▸ **Exercise directions**: The reply should reproduce every line of the data below word for word, minus any images.

▸ **Data excerpt**:

== == ==

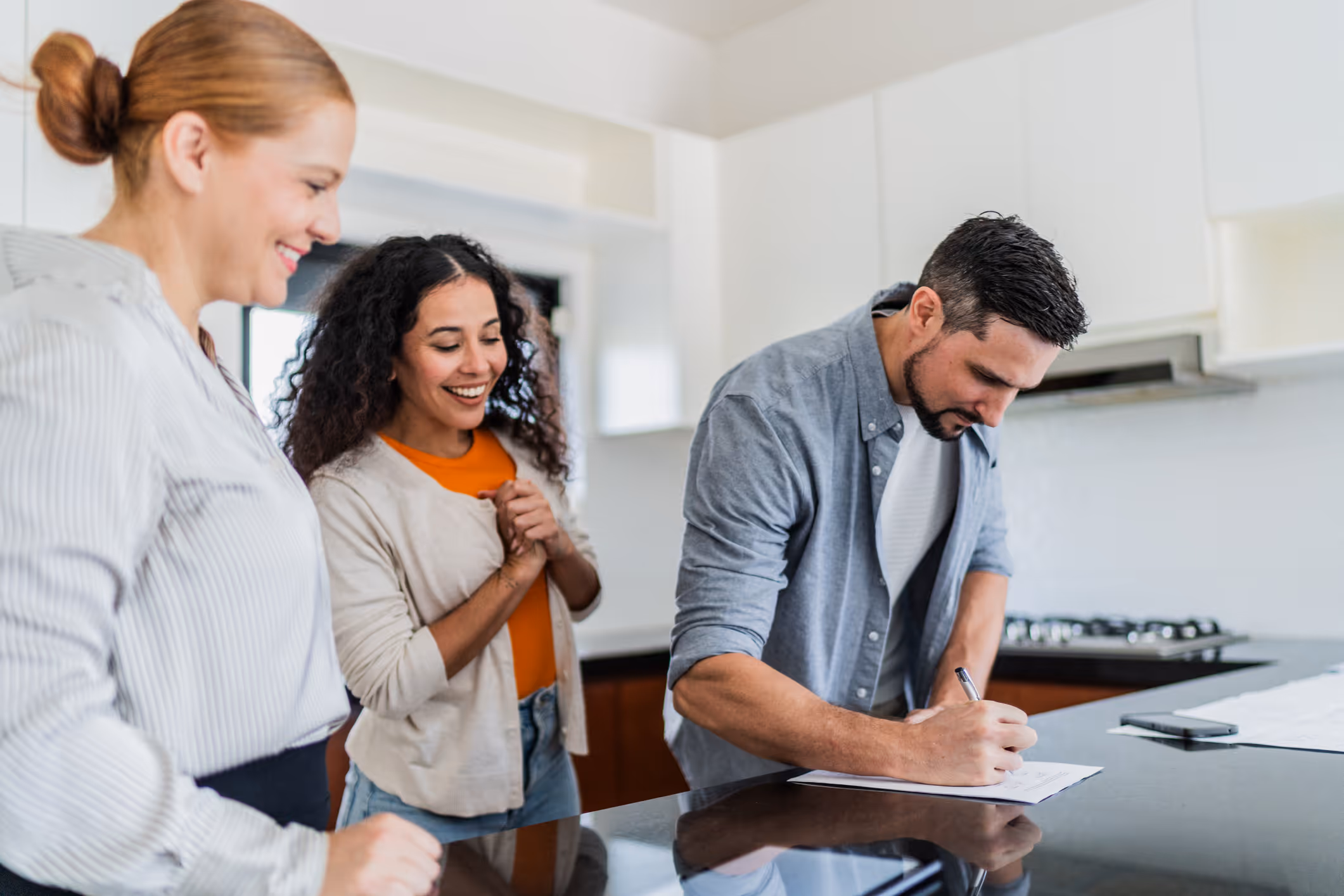 Man signing document on kitchen counter while two women watch and smile nearby.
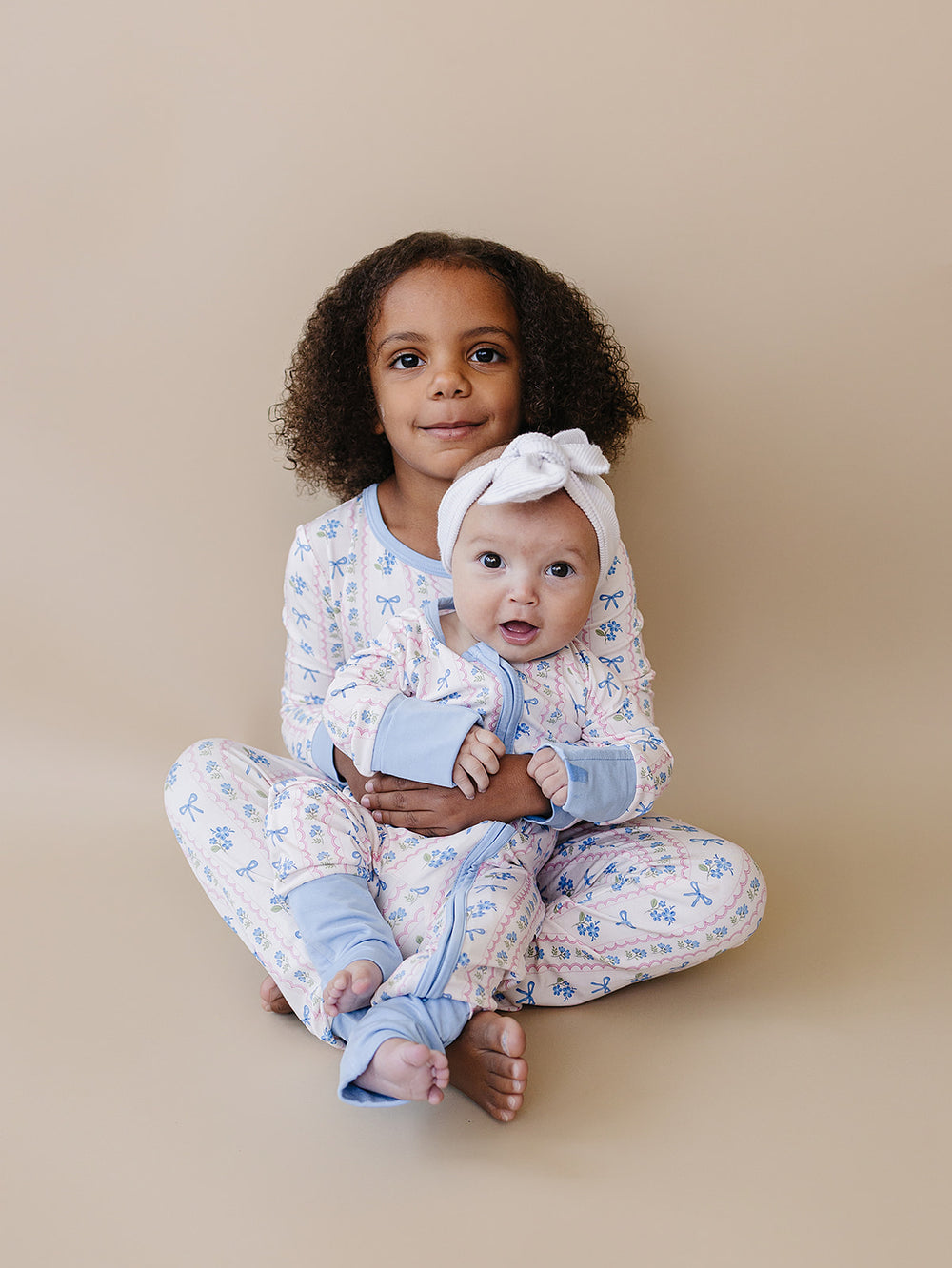 Child wearing the Whimsy Bloom bamboo two-piece set with pastel flowers, blue bows, and light blue trim.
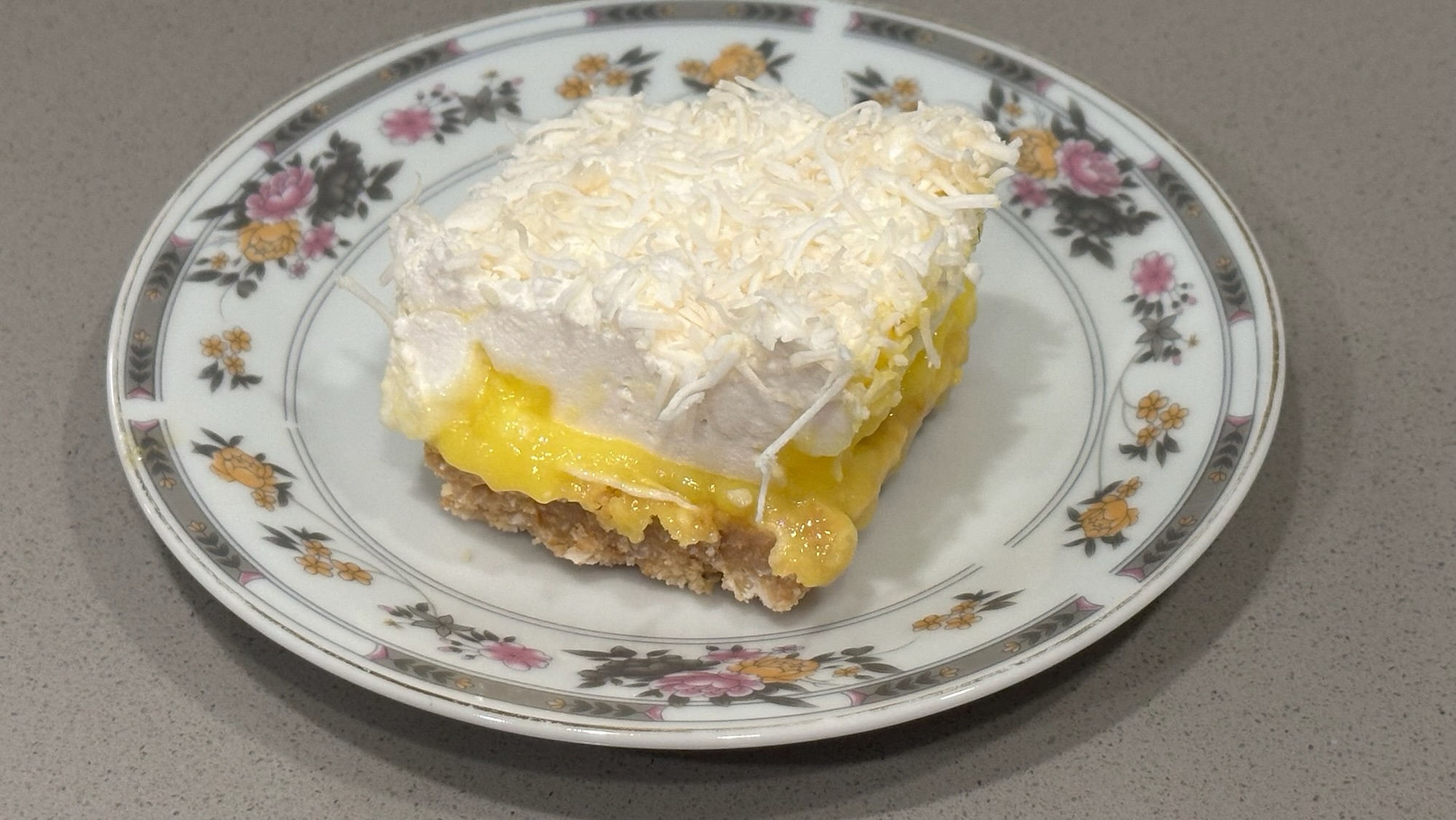Custard and coconut marshmallow bar layered with creamy custard and coconut topping on a plate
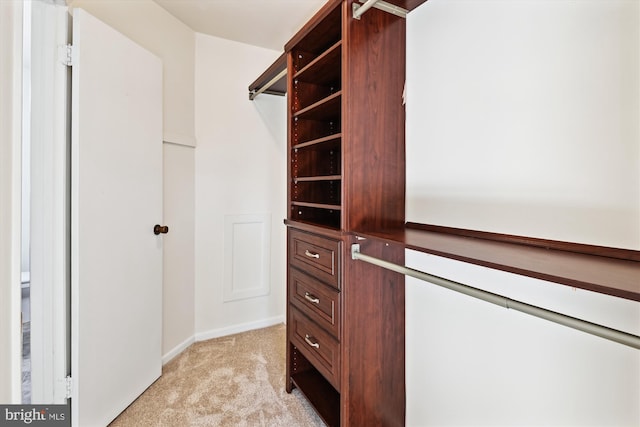 walk in closet featuring light carpet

== == ==

▸ **Result for this task**:
 Man signing document on kitchen counter while two women watch and smile nearby.
 Child wearing the Whimsy Bloom bamboo two-piece set with pastel flowers, blue bows, and light blue trim.
Custard and coconut marshmallow bar layered with creamy custard and coconut topping on a plate
 walk in closet featuring light carpet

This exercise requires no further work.